I had this great conversation with Andy and we are sensing God bringing us together in a new way, through ministry and it excites us both. Not the same ministry…”Breena, the sometimes preacher
.” Yeah, no. 😉
I had to go and see Andy for lunch yesterday because I was on the verge of tears for 3 days in a row and I couldn’t figure out why…then I did. It is obvious God’s doing something and the enemy isn’t a fan. He’s working hard against my spirit.
I cried saying, “This isn’t from God! I’m so sad! It’s coming out of nowhere!”
Andy so sweetly grabbed my phone, looked up Ephesians 3 and read verses 14-31. A peace rushed over me but it is quickly taken away when I am not in the word or communicating to The Father through prayer. This is spiritual warfare, y’all.
Andy has always (since I have known him) known the way in which he was called and gifted as it was confirmed time and time again by highly respected people. Me? Well, I wanted to be a momma and support him as much as possible.
With my creative/artistic side, I found that being a momma may have been my first and most important dream, but I had other God-given gifts that I felt so starved from as I stayed at home with my little blessings. I still sometimes wish I had more time to paint, draw, design clothes, play guitar and sing but it’s a season that doesn’t give much time for that. I’m learning to bring it in whenever I can and be content with however little or much time I get.
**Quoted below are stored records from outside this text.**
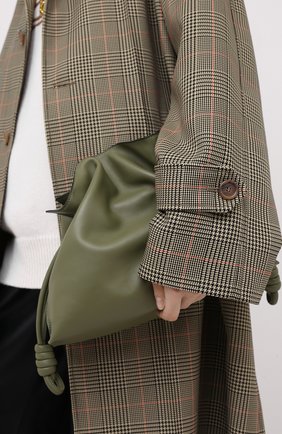 Женский клатч flamenco LOEWE зеленого цвета по цене 153500 руб., арт. A411FC1X01 | Фото 2 Женский клатч flamenco LOEWE зеленого цвета, арт. A411FC1X01 | Фото 2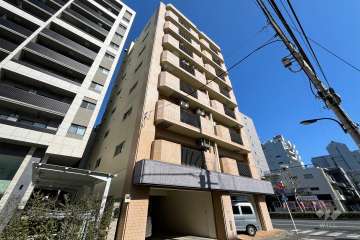 メゾンルグラン早稲田の外観（南西側から）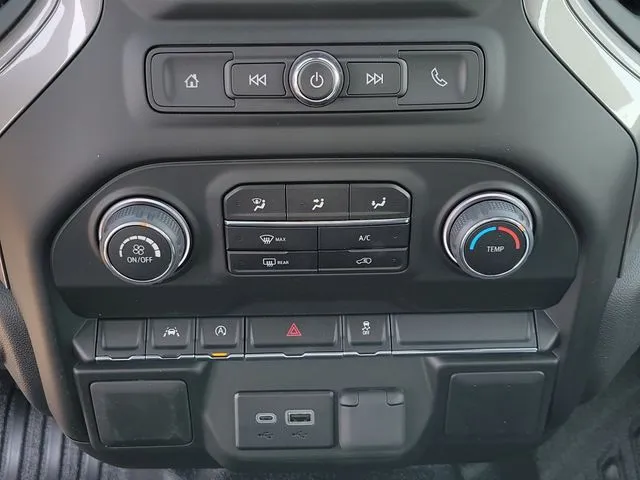 2025 Chevrolet Silverado 1500 photo 4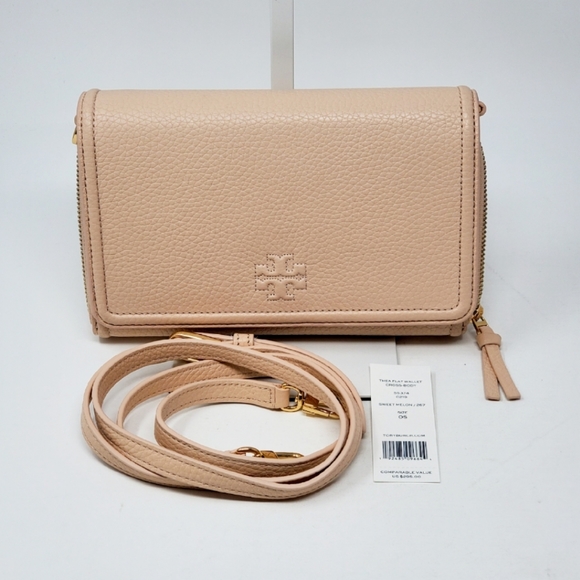 Tory Burch Handbags - 💯 Auth Tory Burch Carter Chain Wallet Crossbody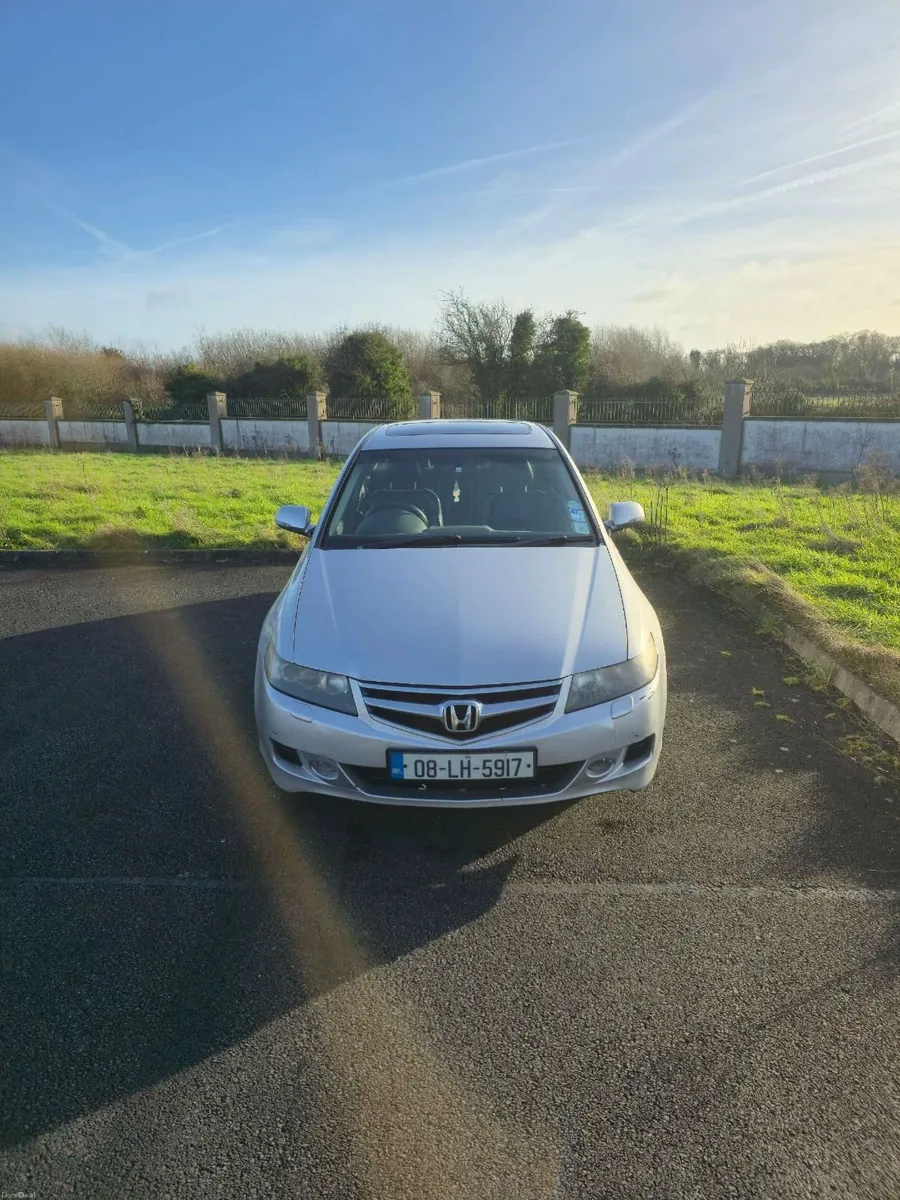 Honda Accord 2008 - Image 1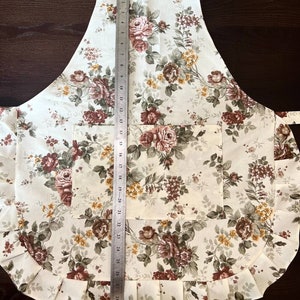 Roses  waterproof apron, roses girls apron, roses apron girl,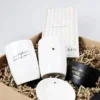 Cadeaupakket genietmoment – Zusss mokken, kaars & lekkernijen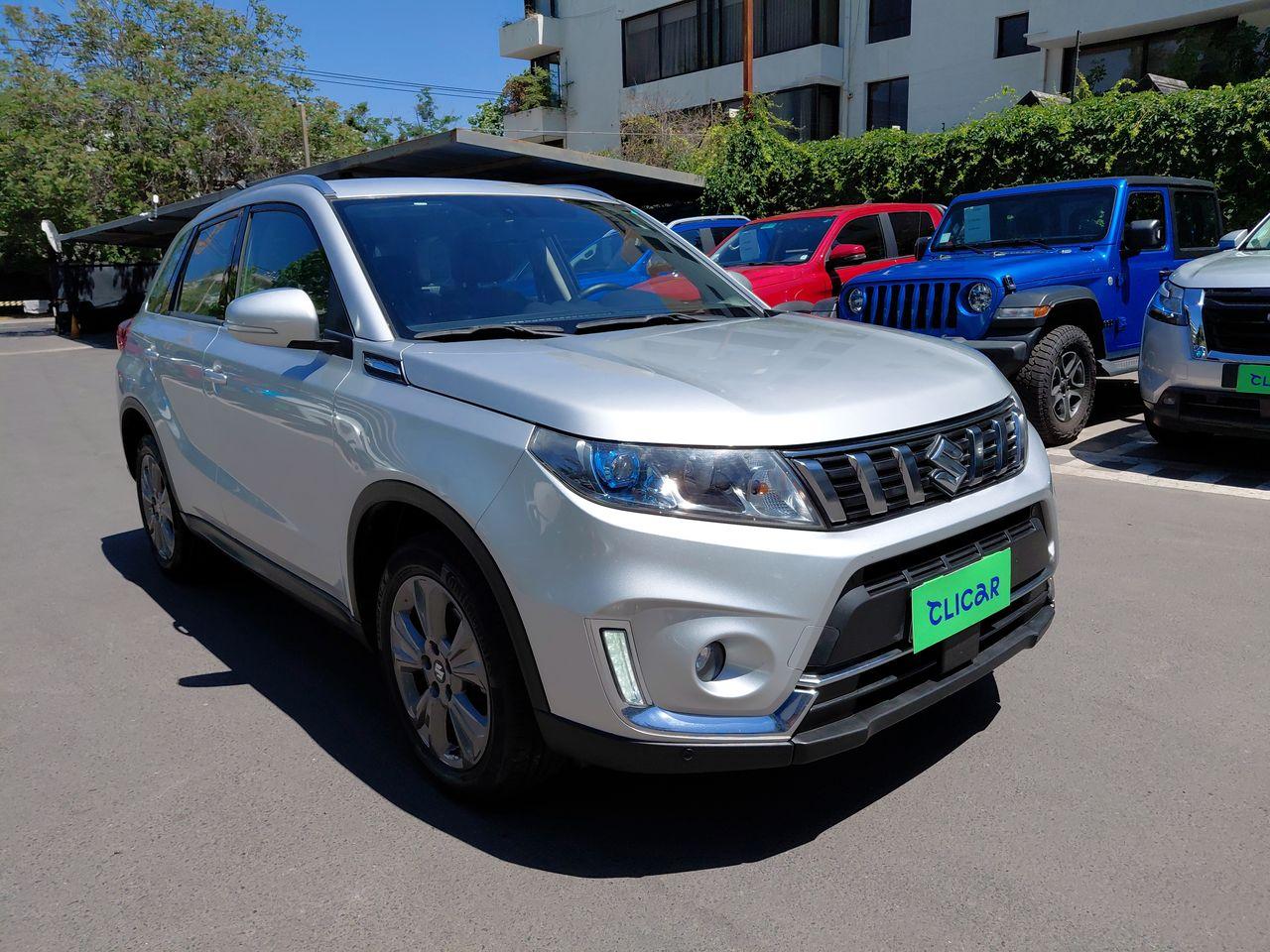 Station Wagon Suzuki Vitara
The wisdom is: there will be a time…it isn’t right now but do not rush the season you are in. Instead grab ahold of it and soak up everything you can because…it will not last forever.
Side note : Yes, I disagree with all of the popular posts floating out there who are crankily telling us they don’t like being told this difficult season of being a parent in the early years goes so quickly and we need to stop wishing it away, etc., etc., etc. I’m over that trend. I could write a whole post on how over I am with cranky parent posts about this…so I’ll zip it.
Thankfully, I feel more at peace with who I am now than ever. I struggle sometimes, of course when I sense who I am in Christ doesn’t sit well with those around me. Feeling God call me to something that isn’t the nature of those watching isn’t easy, but I do it anyhow.
Why? To pridefully say, “I don’t care what you think…this is me. Take it or leave it?” No. I kind of hate these kinds of attitudes. I do it because when God calls me to something, I want to follow. I want to take steps of faith that require pushing aside fears, any worldly desires to be ‘liked’ and just plain not feeling worthy to be used by The Creator of the universe. The gospel is real and alive and I don’t know how God’s going to use me, but to be used is what I desire. And in the end, I answer to Him.
On our wedding day, almost 8 years ago in August, I chose to walk down the isle to, “I don’t want to go” by Avalon. It was meant to speak to God, of course, and to Andy. Wherever they were, I wanted to be there, too.
You changed my world,
When you came to me,
You drove a passion,
In my soul down deep.
Lord, to follow you in everything,
I don’t want to go somewhere,
If I know that your not there,
Cause I know that me without you,
Is a lie.
I don’t want to walk that road,
Be a million miles from home,
Cause my heart needs to be,
Where you are,
So I don’t want to go.
So come whatever,
I’ll stick with you,
I’ll walk, you lead me,
Call me crazy or a fool.
For forever I promise you that:
Without your touch,
Without your love,
Filling me like an ocean,
For your grace is enough,
Enough for me,
To never want to go somewhere,
If I know that your not there.
Who knew these lyrics would be so much more true today than 8 years ago? I sure didn’t marry Andy thinking it’d be such a difficult journey, but who marries anyone thinking that? I always tell him, though, that I wouldn’t want to do this life with anyone else. He really is perfect for me.
Enough with the mushy, eros-love stuff. 😉
For now, I take what I sense from God and I try to ‘perfect it’, if you will. How? By taking away more of me and inhaling more of Him. Apart from Him, I’m dirty and gritty and in much need of redemption. I rest in knowing, He is making all things new.